MINSHIFT - Editorial

PROBLEM LINK:

Contest
Practice

Author: Sergey Kulik
Testers: Vasya Antoniuk and Kevin Atienza
Translators: Vasya Antoniuk (Russian), Team VNOI (Vietnamese) and Hu Zecong (Mandarin)
Editorialist: Kevin Atienza

DIFFICULTY:

Medium

PREREQUISITES:

Segment tree

PROBLEM:

Given a string s of length N \le 10^5 generated uniformly randomly and independently, support Q \le 10^5 operations of two kinds:

  • Given a position j and a character c, replace the j th character of s by c. c is generated uniformly randomly and independently.
  • Given i, j, and p, Find the p th character in the minimal cyclic shift of s[i\ldots j].

QUICK EXPLANATION:

Let C be the length of the longest repeated substring at any point during the operations. Then with very very high probability, C is very small, say, C \le 24. So we assume we can compare two suffixes by only comparing their first C characters. Similarly, we can compare cyclic shifts by comparing the first C characters, assuming the cutoff point of the cyclic shift isn’t within the last C positions. Finally, there are only C cyclic shifts where the cutoff point is within the last C positions.
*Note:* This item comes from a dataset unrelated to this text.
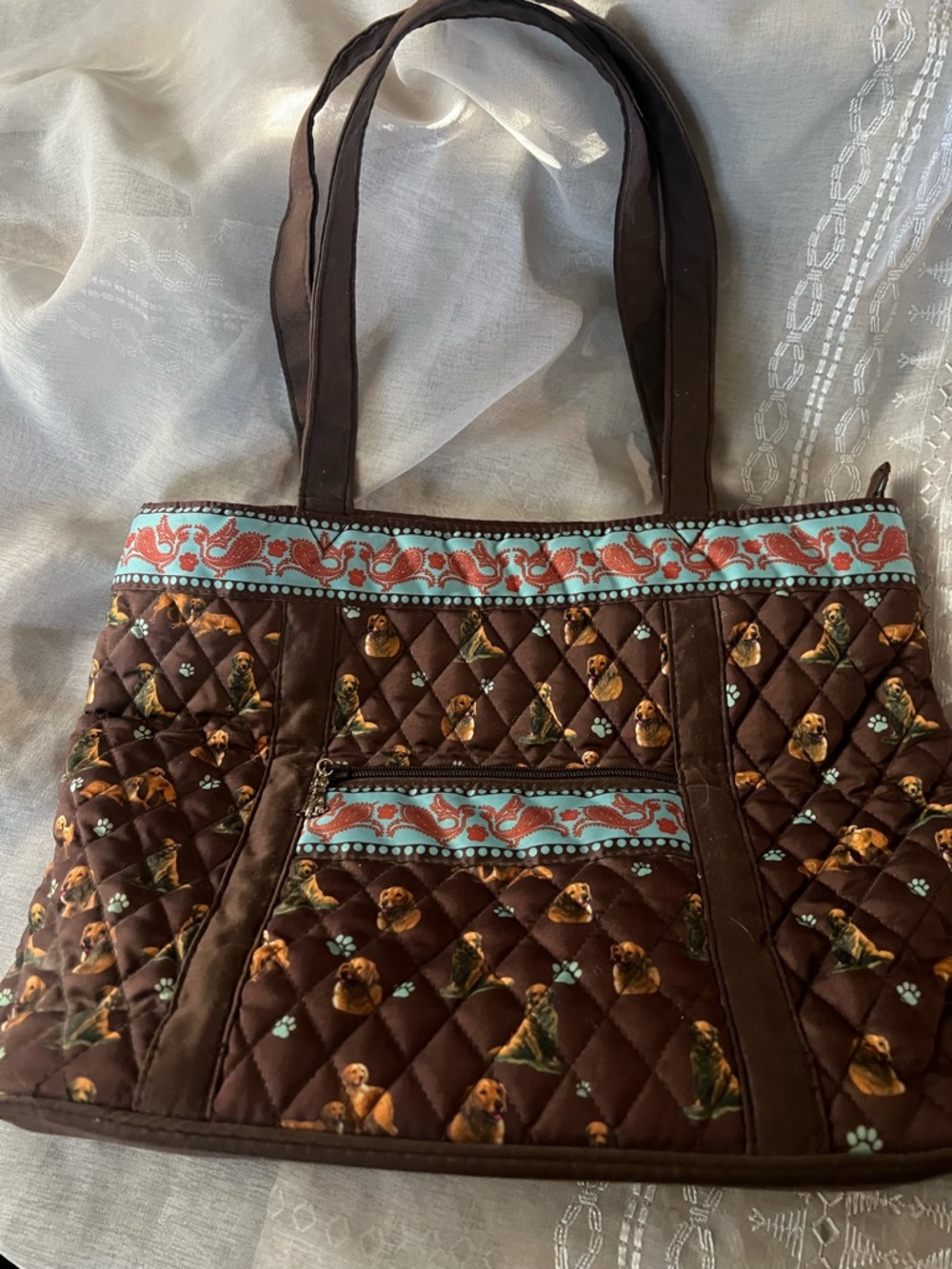 Golden Retriever Quilted Brown Floral Trim Tote Bag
This means that we can set up a segment tree to compute range minimum queries. Specifically, to find the index of the minimal cyclic shift in the range [i,j], find the minimum suffix in the range [i,j-C], and then manually compare this minimum with the last C cyclic shifts. This runs in O(C^2 + C \log N). Finally, during updates where we replace the j th character, we simply update the suffixes in the index range [j-C,j] in the segment tree. This runs in O(C^2 \log N).

EXPLANATION:

Randomness

The fact that the string and the updates are generated uniformly randomly and independently is important: It means we can expect not to see any “non-random” structures in the input, like long runs of a single letter ...aaaaaaaaaaa... and other simple patterns ...aabaabaabaa.... There are still some nonzero probability that these appear, but this probability is vanishingly small for really long patterns.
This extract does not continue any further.